Her work has been exhibited extensively for
over 35 years most notably on the west coast. She is represented by Wexler Gallery in Philadelphia.
She is a recipient of the Rydell Visual Arts Fellowship and Gail Rich Award for Excellence in the Arts in Santa Cruz. In 2010 she published the book and teaching DVD, Encaustic With a Textile Sensibility.
Her newest book, ‘The Encaustic Studio: A Wax Workshop in Mixed-Media Art’ will be published by Interweave Press in May 2012.
Australian-born Jaq Belcher is an independent artist, who currently lives and works in New York City. Through meticulous cutting and the subtle repositioning of small elliptical shapes, Belcher creates pristine contemplative works.
Born in the Czech Republic, Lenka Konopasek currently lives in Salt Lake City and teaches at the University of Utah, and Westminster College. By focusing on man-made and natural disasters, she creates thought-provoking works that belie her playful “pop-up” techniques.
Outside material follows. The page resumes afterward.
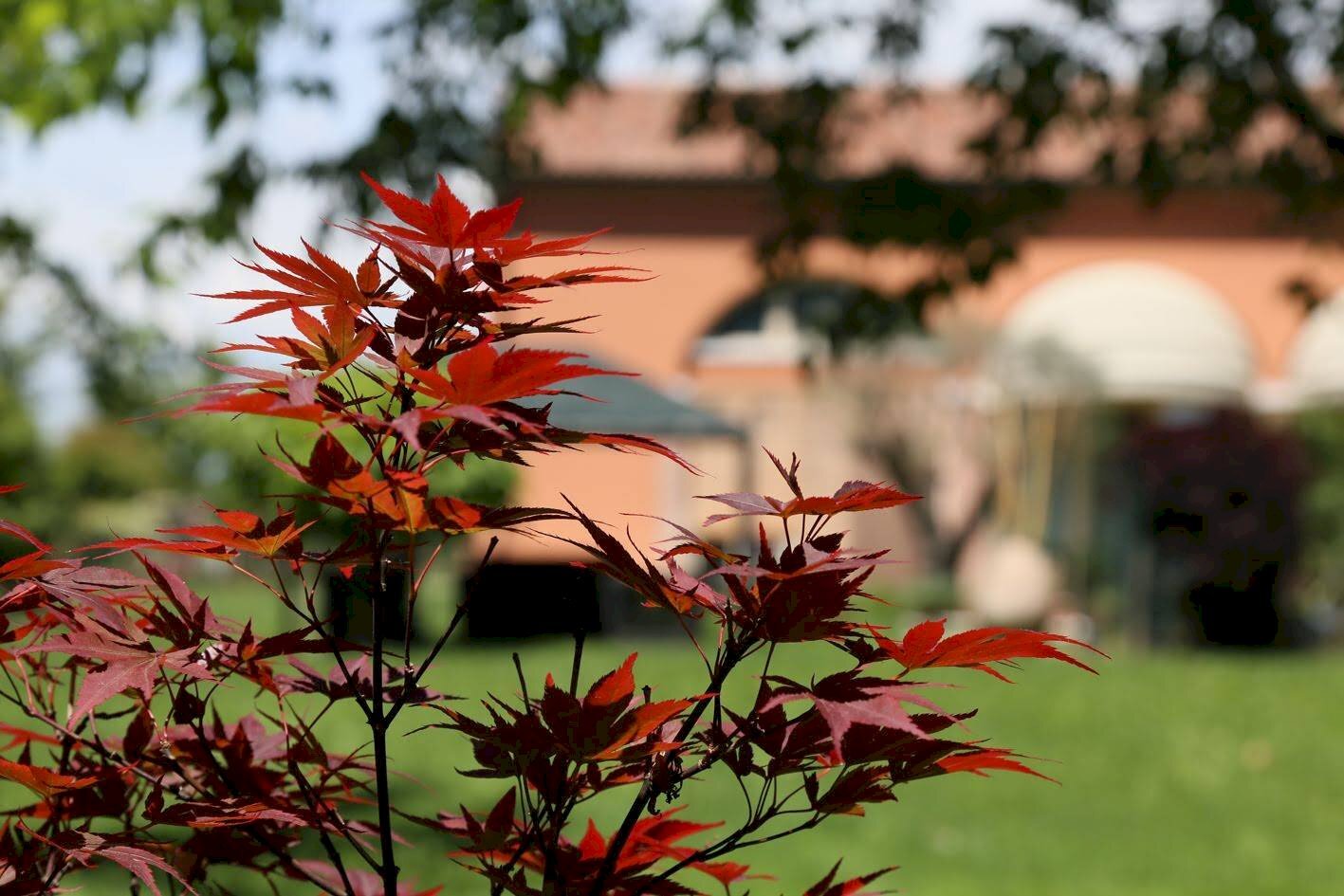 Foto 3 - Rustico strada comunale di san vitale, Treviso - foto 3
In much of her work, the tornado is a personal metaphor for the seductive beauty of violence.
Southern born and raised, Lauren Scanlon is an independent, interdisciplinary artist living in Los Angeles. Her background in cultural anthropology is revealed through her recontextualization of romance novels and vintage bed sheets. Time-worn and faded, her works delicately pun incongruous meanings; such as trash as rubbish or smut, versus treasure as sentiment or sentimentality.
@lauren__scanlon
laurenscanlon.com
Southern born and raised, Lauren Scanlon is an independent, interdisciplinary artist living in Los Angeles. She earned a BA in cultural anthropology from the University of Memphis and worked as a human statue in New Orleans and Asheville, NC before earning an MFA in printmaking from Ohio State University in 2007. Her work has been shown extensively throughout the Southeast and Midwest and she has received numerous awards, grants, and residencies. Represented by Penland Gallery, NC her work in in the print and artist book collections of MOMA – Franklin Furnace, the University of Maine, and Penland School of Craft.
Canadian artist Michelle Forsyth lives in Toronto, Ontario and is an Associate Professor at OCAD University. Pattern and illusion are combined in ironic whimsical works that depict contemporary ephemera photographed at historically relevant disaster sites. Using a process that is part requiem and part cathartic obsession, she translates these images into thousands of intricately cut and stacked paper flowers. Delicate traces of mark and color imprint her presence while evoking ideas of memory, loss and grief.
Virginia-based artist Reni Gower is a Professor of Art in the Painting and Printmaking Department at VCUarts, Richmond.
For her Papercuts, she creates unique stencils derived from historical Celtic knotwork designs. Using only a box cutter and large sheets of paper, the motifs are traced and hand-cut into interlocking patterns. The intricate works seem both lacelike and architectural. By addressing issues of beauty and handicraft, her works are an intimate vehicle for reflection or reprieve.